Records from a collection:
┄┄┄┄┄┄┄┄┄┄┄┄┄┄┄┄┄┄┄┄

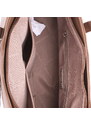 Šedohnědá (velbloudí) kabelka na rameno David Jones 5621-1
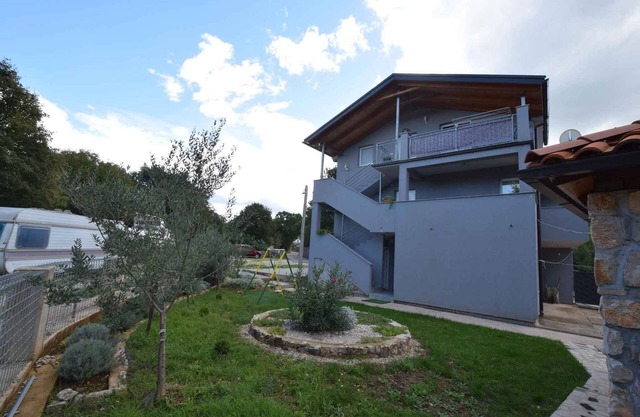 Holiday apartment with balcony and internet access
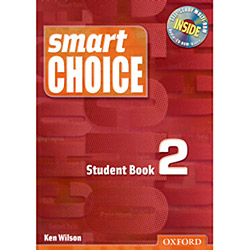 Livro - Smart Choice 2 - Student Book
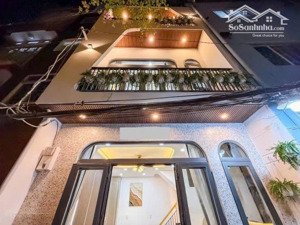 cô ly về quê sinh sống cần bán gấp căn nguyễn thái sơn giá 2tỷ850triệu, 65m2, 1 triệt 2 lầu. shr.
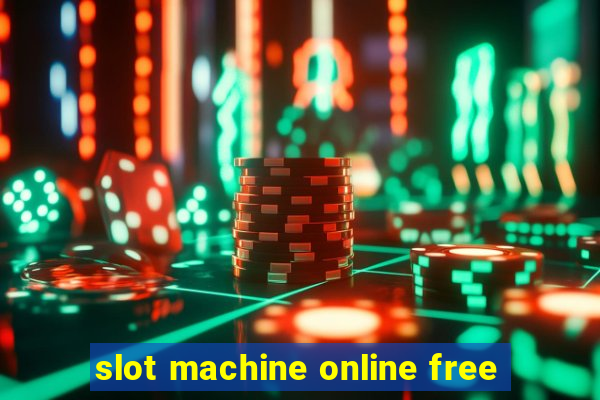 slot machine online free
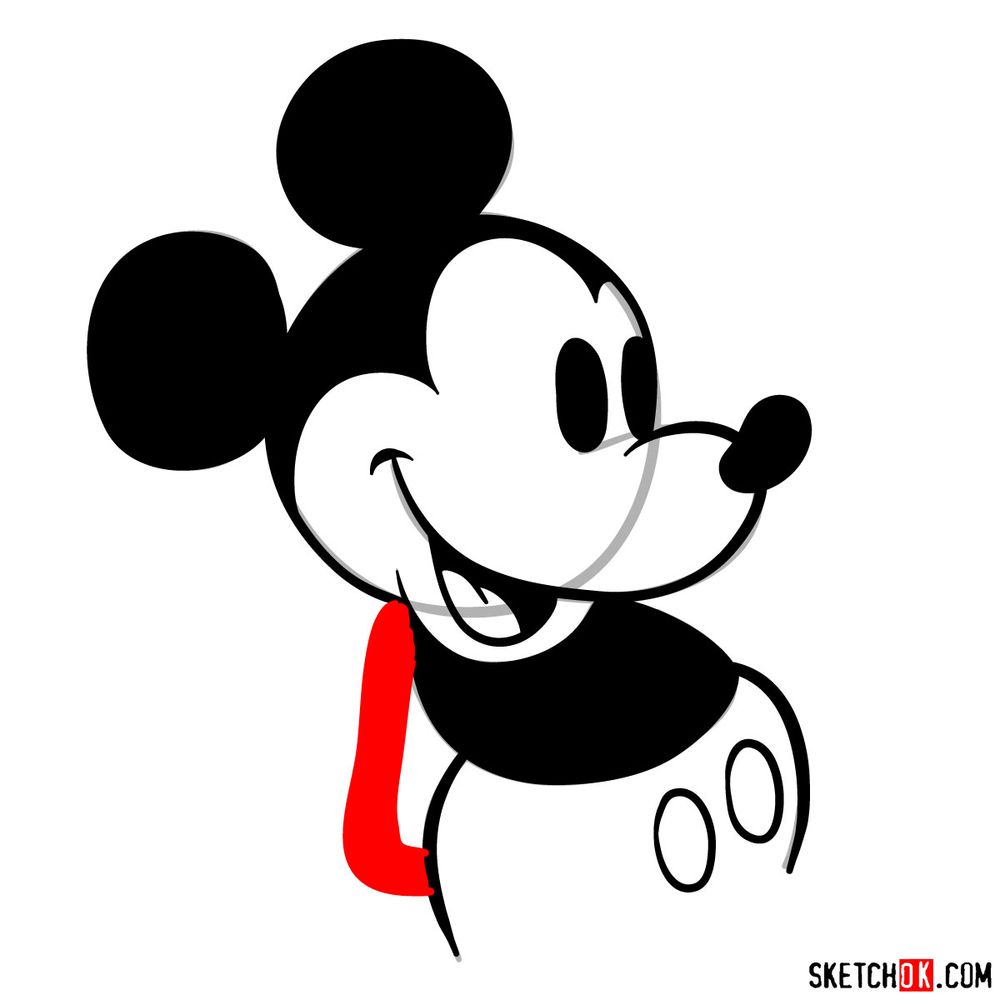 Mickey Mouse Style - KibrisPDR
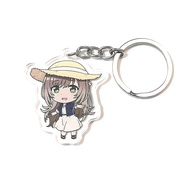 Fuuka Miyazawa - The Aquatope On White Sand High Quality Anime Acrylic Keychain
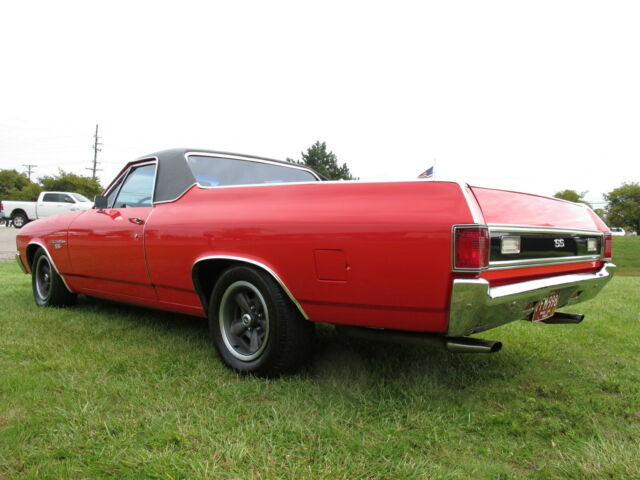 1972 Chevrolet El Camino SS - photo 12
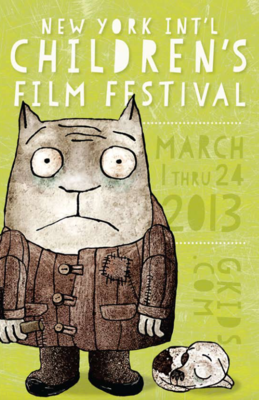 Festival internacional de cine para ni&ntilde;os de Nueva York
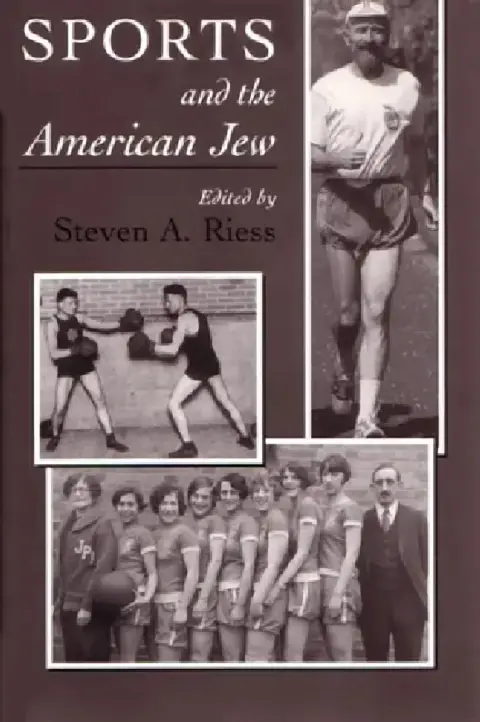 Cover of Sports and the American Jew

┄┄┄┄┄┄┄┄┄┄┄┄┄┄┄┄┄┄┄┄

Work request ▸
The entries above need to be printed again exactly; please exclude all pictures.

Solution below ▸
 Šedohnědá (velbloudí) kabelka na rameno David Jones 5621-1
 Holiday apartment with balcony and internet access
 Livro - Smart Choice 2 - Student Book
 cô ly về quê sinh sống cần bán gấp căn nguyễn thái sơn giá 2tỷ850triệu, 65m2, 1 triệt 2 lầu. shr.
 slot machine online free
 Mickey Mouse Style - KibrisPDR
 Fuuka Miyazawa - The Aquatope On White Sand High Quality Anime Acrylic Keychain
 1972 Chevrolet El Camino SS - photo 12
 Festival internacional de cine para ni&ntilde;os de Nueva York
 Cover of Sports and the American Jew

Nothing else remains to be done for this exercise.